09 Jan - 07 Fév 2010
PCéline Piettre
@27 Jan 2010

Pour Niele Toroni, la peinture est une chose bien trop sérieuse pour qu’on la condamne à n’être qu’un art de la représentation! Voilà pourquoi, entre humour, révolte théorique et ambitions conceptuelles, ses alignements continuent de «perturber» les cimaises d’Yvon Lambert, au risque, à terme, de nous lasser…

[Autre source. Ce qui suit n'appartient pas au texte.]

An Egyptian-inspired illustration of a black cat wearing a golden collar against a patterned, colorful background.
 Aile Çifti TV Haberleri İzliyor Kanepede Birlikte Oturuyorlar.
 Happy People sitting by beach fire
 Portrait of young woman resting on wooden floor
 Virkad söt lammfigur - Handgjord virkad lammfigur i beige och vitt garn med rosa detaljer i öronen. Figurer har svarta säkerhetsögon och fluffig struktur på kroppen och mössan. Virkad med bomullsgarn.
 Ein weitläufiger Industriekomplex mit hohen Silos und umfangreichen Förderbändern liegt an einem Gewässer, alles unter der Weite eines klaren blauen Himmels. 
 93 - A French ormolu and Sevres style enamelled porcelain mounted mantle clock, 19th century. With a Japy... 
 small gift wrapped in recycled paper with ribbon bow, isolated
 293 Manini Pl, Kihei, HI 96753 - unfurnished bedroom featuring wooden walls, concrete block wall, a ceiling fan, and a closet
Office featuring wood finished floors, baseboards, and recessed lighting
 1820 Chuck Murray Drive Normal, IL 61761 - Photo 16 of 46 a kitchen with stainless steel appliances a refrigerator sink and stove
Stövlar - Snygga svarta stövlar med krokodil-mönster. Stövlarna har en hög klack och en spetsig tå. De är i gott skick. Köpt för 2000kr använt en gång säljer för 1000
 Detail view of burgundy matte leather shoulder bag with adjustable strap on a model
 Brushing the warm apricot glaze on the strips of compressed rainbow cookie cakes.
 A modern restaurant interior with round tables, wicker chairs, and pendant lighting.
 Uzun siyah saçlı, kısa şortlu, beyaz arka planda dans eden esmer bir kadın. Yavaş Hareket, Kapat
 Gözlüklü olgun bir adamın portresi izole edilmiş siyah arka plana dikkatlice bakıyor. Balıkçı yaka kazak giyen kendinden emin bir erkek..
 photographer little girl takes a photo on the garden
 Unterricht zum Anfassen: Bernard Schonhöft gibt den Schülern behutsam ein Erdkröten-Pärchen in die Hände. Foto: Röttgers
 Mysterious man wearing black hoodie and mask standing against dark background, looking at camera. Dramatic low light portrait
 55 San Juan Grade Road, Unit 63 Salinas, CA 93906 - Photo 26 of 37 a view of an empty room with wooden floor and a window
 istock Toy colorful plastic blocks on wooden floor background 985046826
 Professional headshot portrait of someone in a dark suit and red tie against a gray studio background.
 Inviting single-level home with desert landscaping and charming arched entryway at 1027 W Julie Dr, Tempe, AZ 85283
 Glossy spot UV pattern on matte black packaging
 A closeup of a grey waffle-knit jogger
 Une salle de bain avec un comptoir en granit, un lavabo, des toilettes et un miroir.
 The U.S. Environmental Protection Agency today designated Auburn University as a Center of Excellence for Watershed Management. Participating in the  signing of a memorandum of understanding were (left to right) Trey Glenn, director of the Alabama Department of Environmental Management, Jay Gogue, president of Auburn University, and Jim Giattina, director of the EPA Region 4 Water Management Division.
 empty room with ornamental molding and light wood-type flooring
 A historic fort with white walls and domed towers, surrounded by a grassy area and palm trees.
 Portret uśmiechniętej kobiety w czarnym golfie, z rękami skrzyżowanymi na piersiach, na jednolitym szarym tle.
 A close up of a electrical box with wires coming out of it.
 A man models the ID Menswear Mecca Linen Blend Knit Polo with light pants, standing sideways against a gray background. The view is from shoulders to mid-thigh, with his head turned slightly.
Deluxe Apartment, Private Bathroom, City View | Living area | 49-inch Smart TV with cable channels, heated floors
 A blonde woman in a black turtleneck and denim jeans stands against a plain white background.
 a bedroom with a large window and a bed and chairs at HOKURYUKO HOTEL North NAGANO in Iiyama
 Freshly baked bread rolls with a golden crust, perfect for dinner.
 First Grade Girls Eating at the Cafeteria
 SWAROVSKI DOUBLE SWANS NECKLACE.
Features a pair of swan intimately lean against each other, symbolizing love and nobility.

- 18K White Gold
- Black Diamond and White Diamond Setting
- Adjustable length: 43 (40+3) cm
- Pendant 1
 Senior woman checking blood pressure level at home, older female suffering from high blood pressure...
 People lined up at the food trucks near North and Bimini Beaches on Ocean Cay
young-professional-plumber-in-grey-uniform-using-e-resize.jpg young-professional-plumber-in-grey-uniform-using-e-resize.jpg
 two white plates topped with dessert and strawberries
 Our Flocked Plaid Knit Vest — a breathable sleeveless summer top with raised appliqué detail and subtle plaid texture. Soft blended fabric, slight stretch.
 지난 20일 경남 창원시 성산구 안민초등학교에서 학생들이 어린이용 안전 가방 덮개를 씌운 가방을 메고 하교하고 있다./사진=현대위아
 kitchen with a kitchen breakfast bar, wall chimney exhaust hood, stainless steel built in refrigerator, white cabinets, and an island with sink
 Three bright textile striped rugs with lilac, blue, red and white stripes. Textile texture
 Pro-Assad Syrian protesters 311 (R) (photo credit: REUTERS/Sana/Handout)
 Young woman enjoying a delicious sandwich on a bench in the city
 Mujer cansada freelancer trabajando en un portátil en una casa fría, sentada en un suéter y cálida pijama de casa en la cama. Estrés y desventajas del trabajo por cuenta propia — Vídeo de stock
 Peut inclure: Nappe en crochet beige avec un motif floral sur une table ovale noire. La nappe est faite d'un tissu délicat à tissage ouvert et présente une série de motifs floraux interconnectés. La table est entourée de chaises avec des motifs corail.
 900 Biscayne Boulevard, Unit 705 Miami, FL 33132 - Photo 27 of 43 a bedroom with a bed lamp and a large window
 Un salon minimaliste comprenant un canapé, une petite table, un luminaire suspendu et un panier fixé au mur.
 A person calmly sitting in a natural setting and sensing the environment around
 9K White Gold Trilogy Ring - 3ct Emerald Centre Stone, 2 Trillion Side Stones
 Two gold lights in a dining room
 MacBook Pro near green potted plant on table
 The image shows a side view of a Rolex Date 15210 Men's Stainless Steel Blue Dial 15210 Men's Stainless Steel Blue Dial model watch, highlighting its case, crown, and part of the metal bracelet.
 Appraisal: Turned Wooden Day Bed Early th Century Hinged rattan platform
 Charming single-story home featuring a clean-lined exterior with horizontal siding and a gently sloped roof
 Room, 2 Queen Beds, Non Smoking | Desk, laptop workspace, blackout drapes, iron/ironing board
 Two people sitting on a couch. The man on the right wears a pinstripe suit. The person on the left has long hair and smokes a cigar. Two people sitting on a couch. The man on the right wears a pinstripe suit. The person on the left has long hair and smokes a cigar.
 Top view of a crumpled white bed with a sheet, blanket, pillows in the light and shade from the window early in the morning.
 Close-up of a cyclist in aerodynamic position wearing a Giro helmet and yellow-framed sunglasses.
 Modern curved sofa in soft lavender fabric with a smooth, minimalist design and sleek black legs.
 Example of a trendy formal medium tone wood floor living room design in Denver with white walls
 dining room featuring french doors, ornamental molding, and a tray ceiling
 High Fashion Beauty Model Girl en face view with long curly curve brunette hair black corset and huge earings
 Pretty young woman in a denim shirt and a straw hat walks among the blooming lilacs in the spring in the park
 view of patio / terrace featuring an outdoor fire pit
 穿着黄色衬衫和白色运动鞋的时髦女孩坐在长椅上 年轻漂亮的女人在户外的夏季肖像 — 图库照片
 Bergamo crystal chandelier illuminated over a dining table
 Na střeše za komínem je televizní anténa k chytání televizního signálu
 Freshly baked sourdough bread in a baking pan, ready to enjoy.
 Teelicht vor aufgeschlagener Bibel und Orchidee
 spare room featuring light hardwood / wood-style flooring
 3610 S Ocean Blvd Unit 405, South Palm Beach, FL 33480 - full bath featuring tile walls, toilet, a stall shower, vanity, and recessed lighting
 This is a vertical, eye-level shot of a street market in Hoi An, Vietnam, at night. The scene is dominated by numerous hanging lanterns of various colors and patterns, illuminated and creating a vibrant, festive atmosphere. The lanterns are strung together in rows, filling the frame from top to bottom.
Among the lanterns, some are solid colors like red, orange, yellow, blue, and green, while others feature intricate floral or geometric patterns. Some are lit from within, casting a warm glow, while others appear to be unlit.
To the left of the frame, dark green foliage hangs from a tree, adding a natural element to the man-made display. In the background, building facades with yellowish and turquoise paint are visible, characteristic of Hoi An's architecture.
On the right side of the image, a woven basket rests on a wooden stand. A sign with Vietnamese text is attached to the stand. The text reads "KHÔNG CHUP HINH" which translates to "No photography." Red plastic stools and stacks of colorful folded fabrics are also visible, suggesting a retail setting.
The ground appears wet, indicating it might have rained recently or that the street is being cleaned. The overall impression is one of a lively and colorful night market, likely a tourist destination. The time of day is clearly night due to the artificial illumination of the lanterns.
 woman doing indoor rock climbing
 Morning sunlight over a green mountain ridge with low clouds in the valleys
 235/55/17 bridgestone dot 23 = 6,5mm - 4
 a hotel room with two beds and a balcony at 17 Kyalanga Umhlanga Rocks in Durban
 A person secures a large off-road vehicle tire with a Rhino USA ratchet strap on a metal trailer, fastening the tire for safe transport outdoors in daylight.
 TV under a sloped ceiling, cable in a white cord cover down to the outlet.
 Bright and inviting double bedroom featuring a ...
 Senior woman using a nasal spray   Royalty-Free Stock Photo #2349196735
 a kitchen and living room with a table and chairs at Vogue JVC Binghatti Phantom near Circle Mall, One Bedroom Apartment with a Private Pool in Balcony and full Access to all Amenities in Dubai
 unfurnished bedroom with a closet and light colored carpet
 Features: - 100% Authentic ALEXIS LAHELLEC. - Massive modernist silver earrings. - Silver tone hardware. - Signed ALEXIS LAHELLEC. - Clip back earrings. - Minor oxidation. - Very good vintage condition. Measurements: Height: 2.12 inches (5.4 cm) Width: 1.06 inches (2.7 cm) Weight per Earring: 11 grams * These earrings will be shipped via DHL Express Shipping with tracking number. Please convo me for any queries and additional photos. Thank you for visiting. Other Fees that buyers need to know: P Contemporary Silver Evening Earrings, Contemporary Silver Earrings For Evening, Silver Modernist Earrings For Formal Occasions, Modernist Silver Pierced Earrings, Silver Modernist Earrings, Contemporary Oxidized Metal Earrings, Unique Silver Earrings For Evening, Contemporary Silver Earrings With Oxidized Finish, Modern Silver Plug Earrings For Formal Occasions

Des traces colorées, rouges, jaunes ou bleues, se succèdent à des intervalles réguliers de 30 cm. Toujours les mêmes, depuis quarante ans, réalisées avec l’incontournable pinceau n°50, qui fait aujourd’hui office de signature. Toujours la même monotonie rigoureuse, la même absence de référence ou de subjectivité. Encore et toujours cette «peinture-travail», qui remplit de sa neutralité les espaces vacants, toiles vierges ou murs blancs, et se contente d’exister, sans sujet, sans finalité aucune. Seule l’empreinte du pinceau, inlassablement répétée, suffit à faire l’œuvre. Ou plutôt à la nier, tout autant que l’artiste qui la porte.

C’est entre 1966 et 1967, à l’occasion d’une série de quatre expositions-manifestes, que Niele Toroni fonde le groupe BMPT aux côtés de Daniel Buren, Olivier Mosset et Michel Parmentier — cette «bande de voyous» comme les nommera affectueusement le critique d’art Michel Troche.
Acteurs d’une profonde remise en cause des mediums traditionnels et de l’institution, ils prônent un retour au degré zéro de la peinture, réduite à la répétition du même motif selon une mécanique ouvrière dont la cadence vide peu à peu la composition de toute substance signifiante.
Il ne reste plus que la toile, le pinceau, la couleur. Bref, les «outils» de la peinture, dépossédée de sa puissance illusoire.

Depuis cet acte de naissance, Niele Toroni n’a pas cillé. On le retrouve fidèle à lui-même pour cette dix-septième (!) exposition personnelle chez Yvon Lambert, son galeriste et complice de longue date. Ses grands formats de 2008 (trois pour être exact) partagent les cimaises avec une série d’affiches d’expositions — les siennes —, servant à leur tour de supports à l’obsessionnel marquage, pour une double et ironique mise en abîme de la peinture.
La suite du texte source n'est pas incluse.